In den Goldenen Zwanzigern gab es fast 500 Stände in der Markthalle
Die erste städtische Markthalle in Hannover war mindestens ebenso bildschön und groß wie ihr Vorbild, die "Galerie des Machines“ auf der Weltausstellung in Paris von 1889. Anlass für den größte Stahl- und Glasbau des damaligen deutschen Kaiserreichs war die Bestrebung, die über 2.000 Verkäufer auf dem Wochenmarkt in der nahen Altstadt samt ihren Fahrzeugen von der Straße zu bekommen und die entsetzlichen hygienischen Zustände zu beseitigen. Auf den rund 4.000 Quadratmetern im 84 Meter langen, 48 Meter breiten und 20 Meter hohen Jugendstilgebäude war Platz für genau 243 Markthallenhändler. 30 Jahre nach der Eröffnung am 18. Oktober 1892 hatte sich die Zahl der Stände bereits verdoppelt.
Allein 179 Stände für Fleisch- und Wurstwaren
Natürlich war diese nun deutlich organisierte und kleinere Ansammlung von Ständen (die damals noch zum Schutz vor Langfingern und herumstreunenden Katzen vergittert waren) unter einem Markthallendach für damalige Verhältnisse ein großer Fortschritt und eine enorme Verbesserung der auf Dauer unzumutbaren Lage zuvor. Aber es ist schwer vorstellbar, dass die Atmosphäre dort ebenso angenehm und einladend war wie sie heute ist – insbesondere, wenn man bedenkt, dass sich die anfängliche Zahl von 243 Ständen sich in nur drei Jahrzehnten mehr als verdoppelt hatte. Das Markthallen-Magazin "Gourmet Guide" berichtet von 493 Ständen im Jahr 1928, darunter 179 Stände mit Fleisch- und Wurstwaren, 9 Stände mit Fischspezialitäten (zu denen übrigens auch die Familie Schweer gehörte, die sich regelmäßig mit ihrer Pferdekutsche von Steinhude auf den Weg in die Markthalle von Hannover machte, um dort ihren am Vortag im Steinhuder Meer gefangenen Fisch zu verkaufen), 156 Stände mit Obst- und Grünwaren, 21 Stände mit Blumen, 74 Stände für Eier, Butter und Käseprodukte sowie 54 Stände mit sonstigen Waren.
Grund für diesen rasanten Anstieg von Markthallenständen in nur drei Jahrzehnten war die ebenfalls rasante Entwicklung der Einwohnerzahl von Hannover: Nur drei Jahre nach der Eröffnung der ersten städtischen Markhalle im Herbst 1892 ergab die Volkszählung vom 2. Dezember 1895 eine Einwohnerzahl von 209.535, Ende 1919 waren es schon 321.200 und 1928 wohnten 438.00 Menschen in Hannover (Quelle: Stadt Hannover).

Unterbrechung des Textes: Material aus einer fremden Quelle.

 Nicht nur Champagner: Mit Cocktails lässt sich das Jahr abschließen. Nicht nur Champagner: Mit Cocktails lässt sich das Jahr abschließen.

Früher wurde die Frische der Butter mit dem Daumennagel geprüft
Und so ging es in diesen Tagen in Hannovers Markthalle zu (aus: http://www.der-bauch-von-hannover.de/p_historie): "Kohlköpfe und Gemüse wurden zu beiden Seiten des Mittelganges fein säuberlich aufgeschichtet, frische Landeier gestapelt, Hasen und Rehe langgestreckt nebeneinander gelegt und das gackernde Geflügel der Kiepenleute in Kästen gesetzt. Und wer kaufte? Nicht nur Hausfrauen und Köchinnen, sondern auch die ‚faaneren Däömen’. [...] Weniger beliebt waren damals aber jene Madams, die von Buttertisch zu Buttertisch gingen und mit dem Daumennagel eine ‚Stich’-Probe nahmen, um so die Frische zu prüfen. Dies war um die Jahrhundertwende durchaus Brauch, bis hygienische Einwände erhoben wurden. Später nahm man eine Haarnadel, die man aus dem ‚Dutt’ zog, bis auch das moniert wurde. Das Pfund grobe Mettwurst war damals für 1 Mark zu haben, Leberwurst kostete nur 65 Pfennige."